- [Stored data]
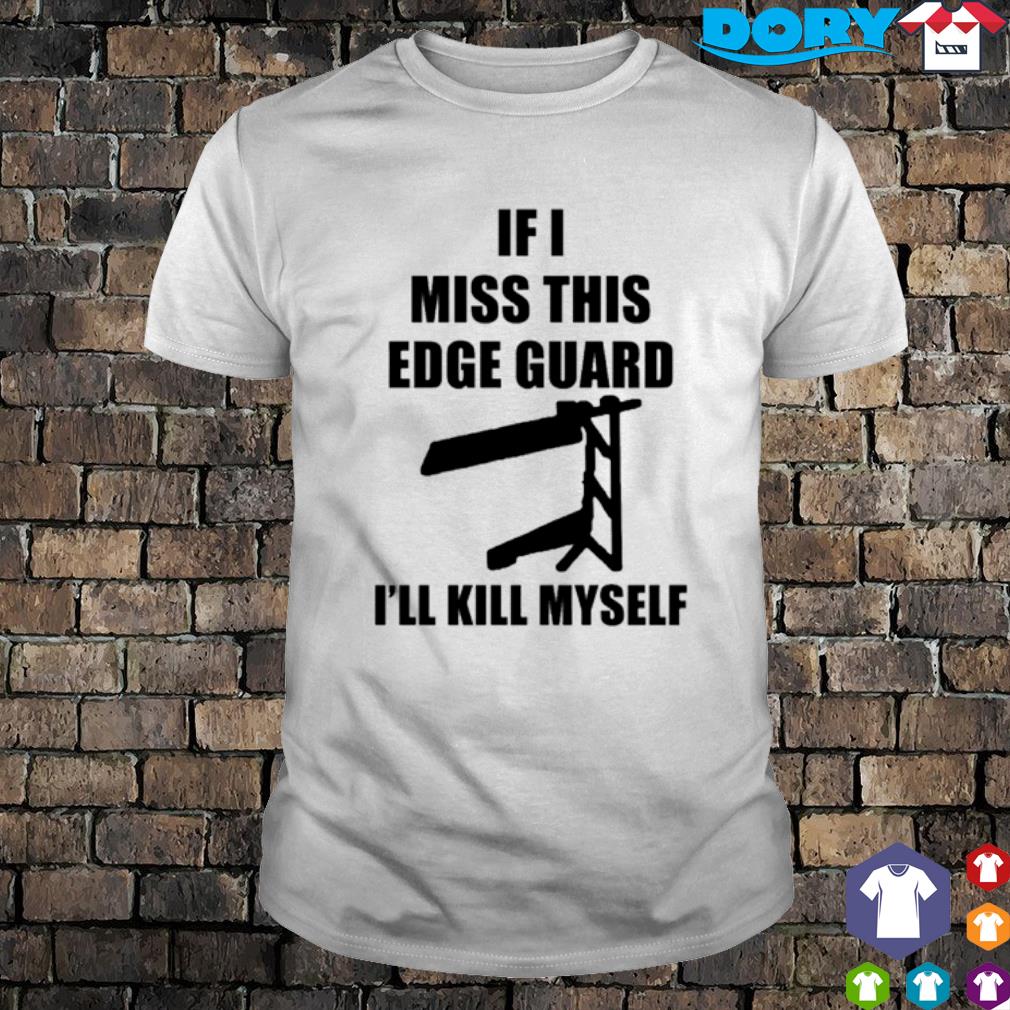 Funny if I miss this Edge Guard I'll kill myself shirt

---

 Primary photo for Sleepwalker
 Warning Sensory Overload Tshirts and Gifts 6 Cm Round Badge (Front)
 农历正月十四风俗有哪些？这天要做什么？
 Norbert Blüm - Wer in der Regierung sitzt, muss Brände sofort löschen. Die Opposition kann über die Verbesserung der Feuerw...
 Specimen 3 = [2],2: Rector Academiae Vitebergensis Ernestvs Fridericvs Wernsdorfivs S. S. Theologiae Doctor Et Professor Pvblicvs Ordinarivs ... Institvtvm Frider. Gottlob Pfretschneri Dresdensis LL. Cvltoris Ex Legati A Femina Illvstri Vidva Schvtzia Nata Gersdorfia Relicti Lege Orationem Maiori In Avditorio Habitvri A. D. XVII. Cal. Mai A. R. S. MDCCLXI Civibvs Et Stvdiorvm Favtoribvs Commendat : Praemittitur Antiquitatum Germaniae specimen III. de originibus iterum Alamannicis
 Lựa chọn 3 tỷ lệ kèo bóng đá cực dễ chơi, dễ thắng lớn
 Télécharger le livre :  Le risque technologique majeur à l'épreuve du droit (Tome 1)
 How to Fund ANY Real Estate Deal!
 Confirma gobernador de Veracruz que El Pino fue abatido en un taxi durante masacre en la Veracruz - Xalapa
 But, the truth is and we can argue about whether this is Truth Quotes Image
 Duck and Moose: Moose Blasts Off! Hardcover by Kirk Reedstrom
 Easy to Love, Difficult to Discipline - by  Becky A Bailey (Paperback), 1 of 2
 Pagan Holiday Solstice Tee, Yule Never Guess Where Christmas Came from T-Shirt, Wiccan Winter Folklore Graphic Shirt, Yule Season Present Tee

- [To do] Among the records above, extract exactly the lines from the line with "But, the truth" to the line with "Easy to Love, Difficult", both lines included, and leave out the rest.

- [Written solution]
 But, the truth is and we can argue about whether this is Truth Quotes Image
 Duck and Moose: Moose Blasts Off! Hardcover by Kirk Reedstrom
 Easy to Love, Difficult to Discipline - by  Becky A Bailey (Paperback), 1 of 2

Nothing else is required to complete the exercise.